To address the problem, a crop of modern, indoor cemetery facilities have emerged, offering to store remains for a set period, often up to three decades.
The ashes are eventually transferred to collective memorials, but individual names or QR codes are engraved on plaques to provide some personalization, and monks pledge to continue offering prayers for the souls of the departed.
Facing a busy boulevard in the Japanese capital, Kuramae-ryoen features warehouse-style industrial stacking racks that can store 7,000 zushi boxes, each of which can hold two urns or the bagged ashes of up to eight people.
Hirose decided to build the site after the temple’s old building was badly damaged in the 2011 earthquake. He felt the new building, which includes a temple, his living quarters and the cemetery facility, would revitalize a site that dates back to 1608.
“This offers a new style. Many families find it easy to visit their graves,” Hirose said.
The cemetery uses machinery developed by Daifuku, a firm that produces storage, transport and collection systems for factories and warehouses.
“Our company has built systems for around 60 [cemetery] facilities across the country,” said Hidenobu Shinnaka, a senior official at Daifuku.

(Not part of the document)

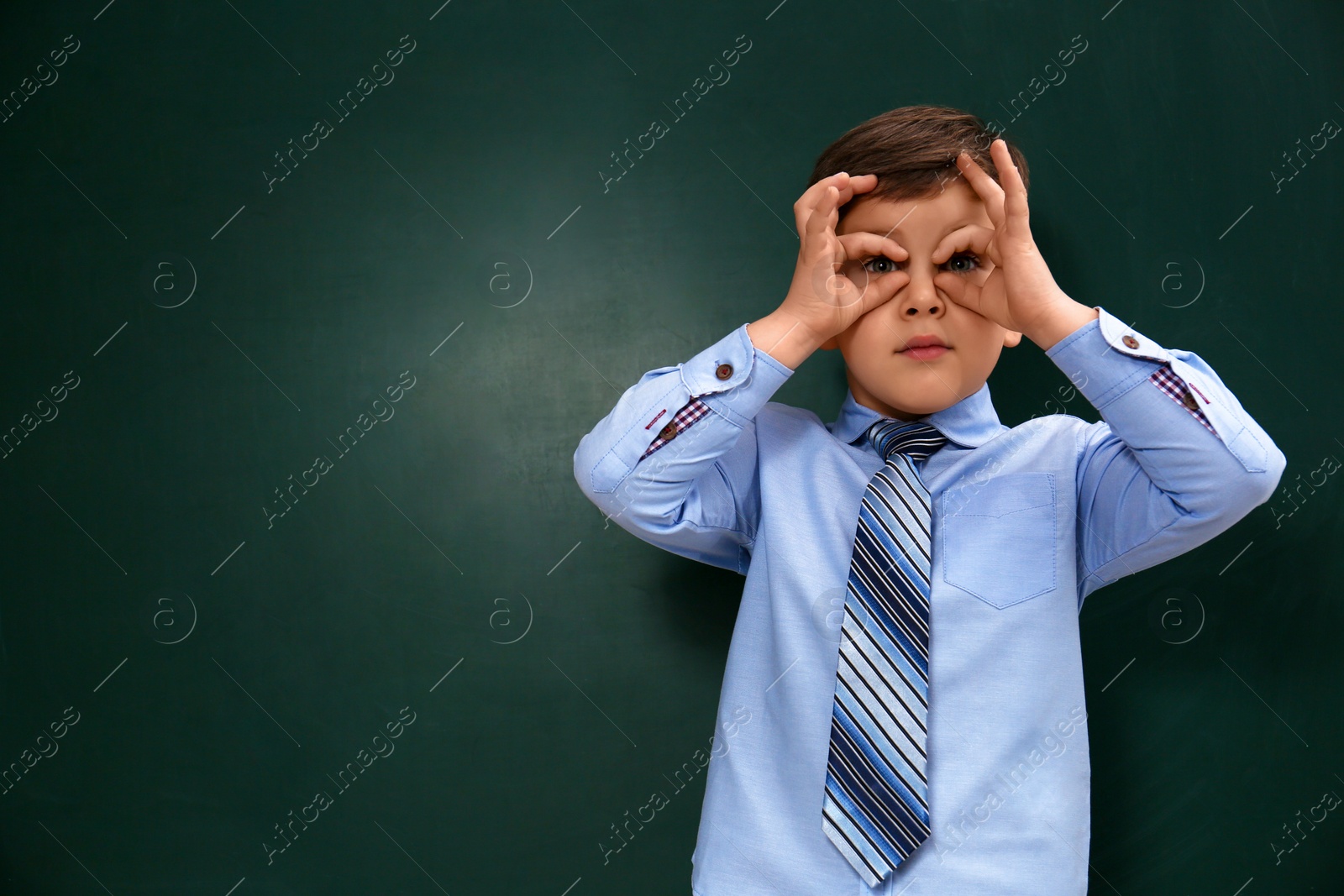 Photo of Funny little child near chalkboard, space for text. First time at school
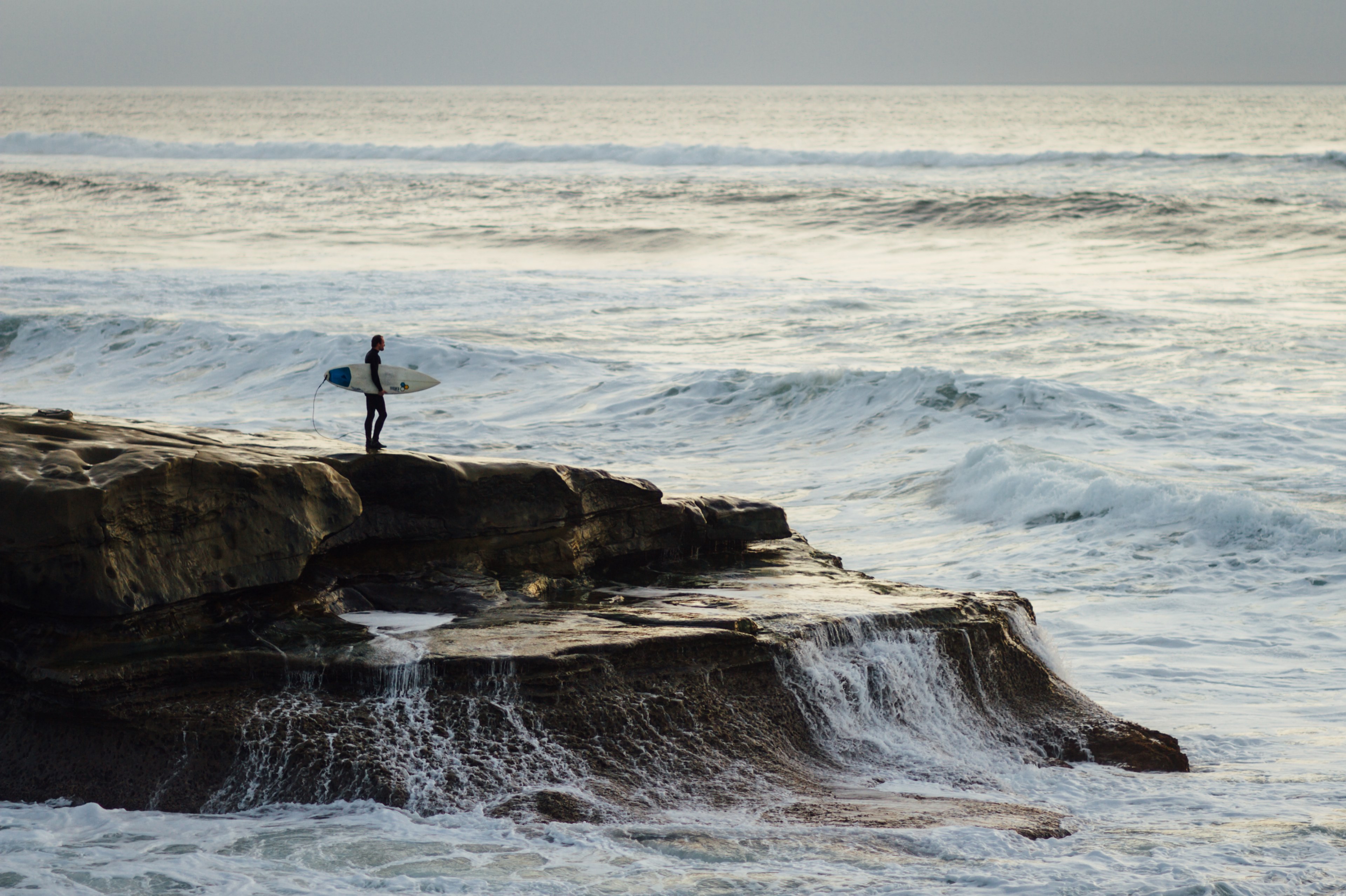 surfer with a surfboard standing on a coastal rock watching rough ocean at ocean beach, sunset surfing 4k, HD Wallpaper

The first order came in the 1990s, and more recently there has been interest from other Asian markets too, he said.
‘A WARM-HEARTED MANNER’
Modern cemetery sites are not only often more convenient, but cheaper.
An average spot costs around US$7,100, roughly half a traditional grave site, according to Kamakura Shinsho, a company that helps connect customers with cemeteries.
Other modern cemeteries are not big enough to need machinery, but incorporate other novel features.
Kokokuji temple, founded in Tokyo in 1630, has created a unique octagon-shaped space with walls of floor-to-ceiling displays of individual glass Buddha statuettes.
Each of the statues — over 2,000 in all — symbolizes an individual whose ashes are stored there. When visitors scan an ID or enter a family name, the Buddha assigned to their loved one is illuminated.
The entire display can also be lit, and the system can produce various mosaic patterns with different statues illuminated in a variety of colors to produce a calming ambiance in the dim sanctuary.
The display is meant to show that each of us is surrounded by many more, and all will join Buddha in the after-life, said resident monk Taijun Yajima, who built the Ruriden facility with artists and engineers.
He says mourning remains the same even in modern cemeteries.
“Children should look after the graves and the souls of parents... But in some people’s reality, it is simply not possible,” he said.
“I thought about how those people can be laid to rest in a warm-hearted manner, and this is the answer.”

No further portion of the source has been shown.